Since 2013, more than 5,000 patients have received autologous stem cell therapy at Regenerative Medicine Solutions’ Lung Institute clinics.
“We believe stem cell therapy is the first breakthrough in pulmonary medicine in a long, long time,” says Jimmy St. Louis, CEO of Regenerative Medicine Solutions, a medical management company in the field of regenerative medicine. “We also believe that our ability to reduce the patient’s inflammation and reduce the symptoms of COPD is the future of COPD treatment.”
Stem cells are harvested from either the patient’s blood or bone marrow, then isolated, reconcentrated and readministered onsite through an IV. Treatment is scheduled over two consecutive days and each session lasts 15 to 30 minutes.
“About 85% of our patients report an improvement in their quality of life, which includes anecdotally being happier, walking up the stairs, riding a horse, and going on bike rides,” St. Louis says. “There are also scientific measurements, including an improvement in pulmonary function in many patients.”
Additionally, approximately 25% of patients elect follow-up treatments, spaced six months apart.
“COPD has a number of different stages,” St. Louis says. “We, of course, see a higher level of success for people who are earlier on in their COPD diagnosis. We have seen as much as a 60% improvement in pulmonary function.”
The primary focus of treatment is to reduce the inflammation of the lungs. “When the stem cells are administered through an IV, they pass through a pulmonary track,” St Louis explains. “We have coined the phrase the ‘pulmonary trap,’ which essentially captures the stem cells where they are most needed in the patient’s body. Those stem cells and growth factors will then be effective at reducing inflammation.”
Regenerative Medicine Solutions has several ongoing clinical studies, as well as an application pending with the National Institutes of Health and pending Joint Commission accreditation.
The company will likely soon begin to partner with a variety of pulmonologists to expand its treatment, says St. Louis.
Calls for caution
“The concept of stem cell therapy has great potential,” says MeiLan King Han, MD, an associate professor of pulmonary medicine at the University of Michigan in Ann Arbor and a spokesperson for the American Lung Association. “Our therapies for COPD focus on opening up the airways and reducing inflammation. However, none of our current therapies have the capacity to regenerate cells that are damaged or lost.”
Han says that if the lung could be regenerated, “it is possible that lung function could be improved, symptoms improved, exacerbation therapy reduced and even life extended.”
Unfortunately, though, there is little to no data about the short- or long-term effects of administering “any type of currently available stem cell therapies to patients to treat lung disease,” Han says. “Patients may come across information on the Internet about stem cells being given to patients with lung disease. But I, along with the American Lung Association and American Thoracic Society, would caution patients to carefully consider the claims of benefit being made by any of these programs, as they have not been substantiated or reviewed by expertise in the field or any regulatory agency.”

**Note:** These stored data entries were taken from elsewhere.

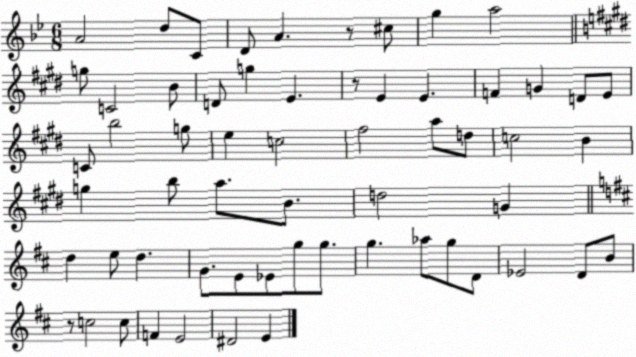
X:1
T:Untitled
M:6/8
L:1/4
K:Bb
A2 d/2 C/2 D/2 A z/2 ^c/2 g a2 g/2 C2 B/2 D/2 g E z/2 E E F G D/2 E/2 C/2 b2 g/2 e c2 ^f2 a/2 d/2 c2 B g b/2 a/2 B/2 d2 G d e/2 d G/2 E/2 _E/2 g/2 g/2 g _a/2 g/2 D/2 _E2 D/2 B/2 z/2 c2 c/2 F E2 ^D2 E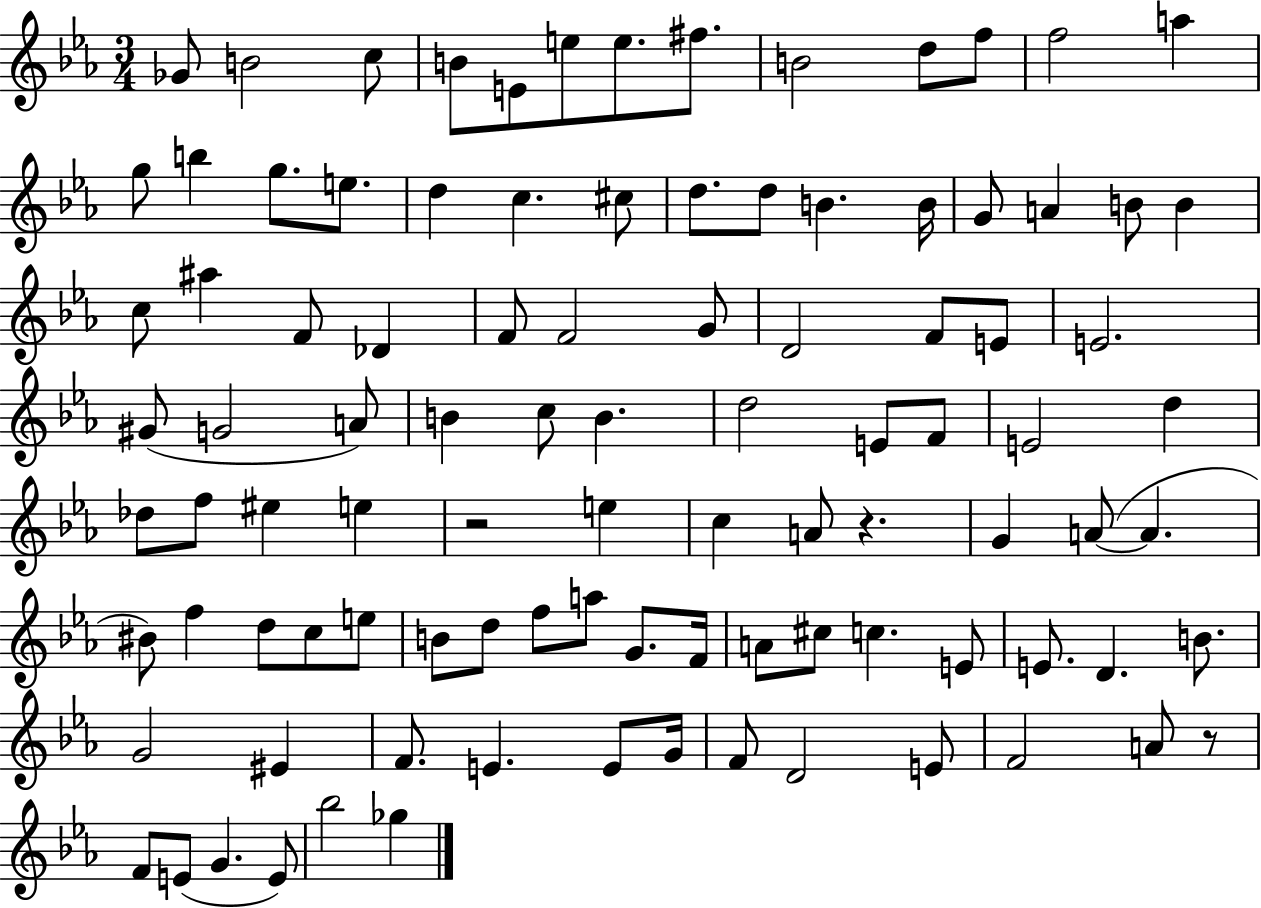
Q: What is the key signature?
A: EES major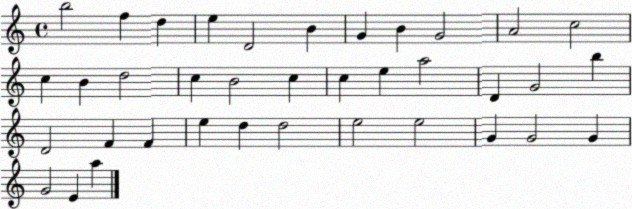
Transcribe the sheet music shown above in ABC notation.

X:1
T:Untitled
M:4/4
L:1/4
K:C
b2 f d e D2 B G B G2 A2 c2 c B d2 c B2 c c e a2 D G2 b D2 F F e d d2 e2 e2 G G2 G G2 E a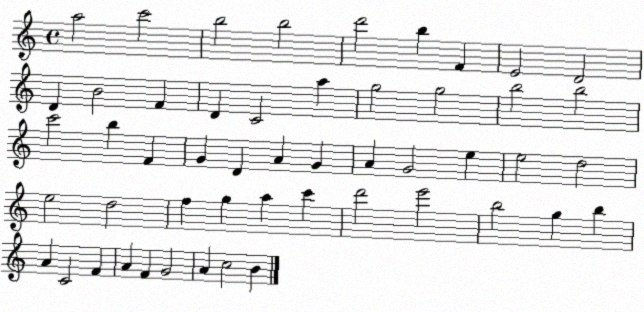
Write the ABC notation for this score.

X:1
T:Untitled
M:4/4
L:1/4
K:C
a2 c'2 b2 b2 d'2 b F E2 D2 D B2 F D C2 a g2 g2 b2 b2 c'2 b F G D A G A G2 e e2 d2 e2 d2 f g a c' d'2 e'2 b2 g b A C2 F A F G2 A c2 B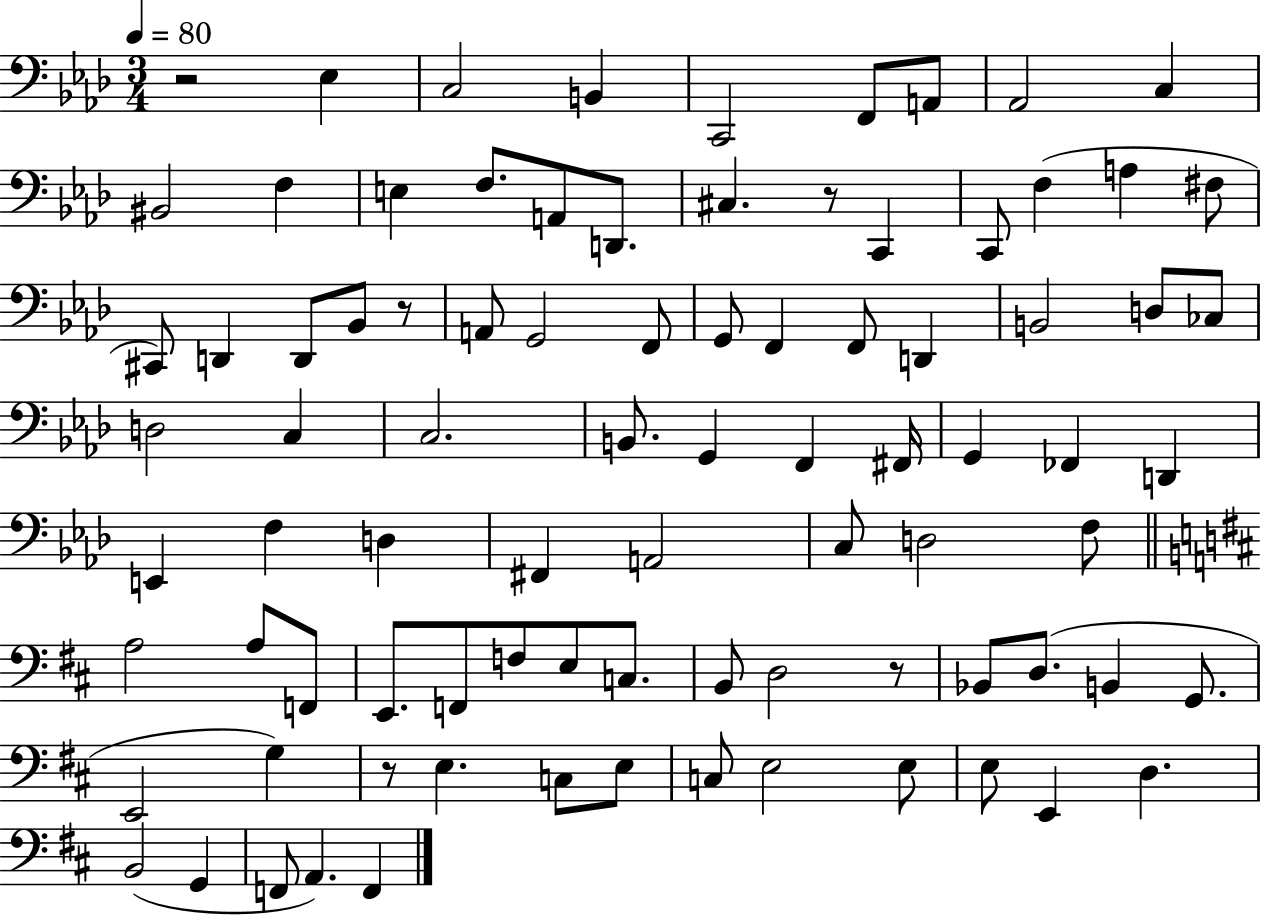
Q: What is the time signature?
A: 3/4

In general, “many of the existing programs are characterized by exorbitant fees, misrepresentation of risks and benefits, over-reliance on patient testimony, poor patient follow-up and lack of regulatory oversight and objective clinical evidence for claimed benefits,” Han says.
Currently, only a small number of appropriately regulated clinical trials examining stem cell therapies are available, according to Han. “My hope is that more, well conducted research continues, so that we can find cures for patients with COPD.”